CAPE MAY COURT HOUSE - Saying traffic lights "have no place" on the Garden State Parkway - a lament of Cape May County residents and visitors for decades - state officials ceremoniously broke ground Monday on a $110 million project to remove the only three signals along the 172-mile toll road.
Construction is expected to begin as soon as warmer weather prevails. It will take about two years and require the creation of bridges, overpasses, and ramps to give full access to the roadway at Interchanges 9, 10, and 11, where the lights now snarl traffic and create safety hazards.
Since 2004, when preliminary study of the project began, three people have been killed along the three-mile stretch, where the usually fast-moving roadway arrives abruptly at the series of traffic lights, said James Simpson, the state transportation commissioner and New Jersey Turnpike Authority chairman.
"It's time to get this project done and get those traffic lights out of there," Simpson told a small crowd of officials, media, and others who gathered Monday morning along the side of the highway for the groundbreaking.
The Turnpike Authority, which operates the roadway, in December awarded the construction contract to Richard E. Pierson Construction Co. of Pilesgrove.
The traffic lights have been in place where the parkway intersects with Shell Bay Avenue, Stone Harbor Boulevard, and Crest Haven Road since the toll road opened in 1954. The signals had been part of a bypass built in the 1940s around the Middle Township community of Cape May Court House, which is the seat of county government and courts.
Work had been slated to begin 2011, but the plan hit a snag when issues with forest and wetlands mitigation arose within 26 acres of woodland and seven acres of freshwater and tidal wetlands. To compensate for the loss of those natural lands, the Turnpike Authority will spend about $5.3 million to preserve or enhance more than 50 acres of public area and wetlands away from the project location, officials said.
"Traffic lights have no place on a busy highway like the Garden State Parkway," said Lt. Gov. Kim Guadagno, who also attended the ceremony. "By finally making this project a reality, we will save lives."
That sentiment was echoed by State Sen. Jeff Van Drew (D., Cape May), a longtime proponent of removing the traffic lights. After the ceremony Monday, Van Drew said that over the years, he has talked with mothers, fathers, sons, daughters, husbands, and wives who have lost loved ones in accidents on the stretch of the Parkway.

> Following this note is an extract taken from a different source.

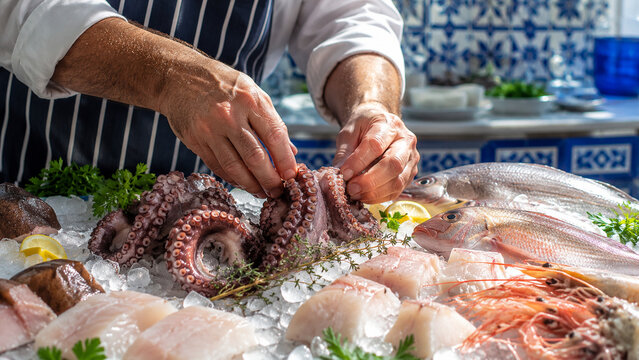 Fresh seafood octopus fish shrimp chef ice market preparation Mediterranean style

"These lights have always been tremendous inconvenience for the residents and tourists of Cape May County. But more important than that is for us to remember how dangerous this stretch of road has been for so many people . . . the loved ones of so many people," Van Drew said.
He called Monday's groundbreaking the "fruition of over a half-century of promises made and promises not kept" by officials to fix the problem.
"When the Parkway was built, it was supposed to end in Atlantic County, and finally, after a lot of arm-twisting and lobbying, it was extended to Cape May County," Van Drew recalled. "But they ran out of money, so instead of making full interchanges, they left the traffic lights, always promising that someday they would correct this serious engineering flaw."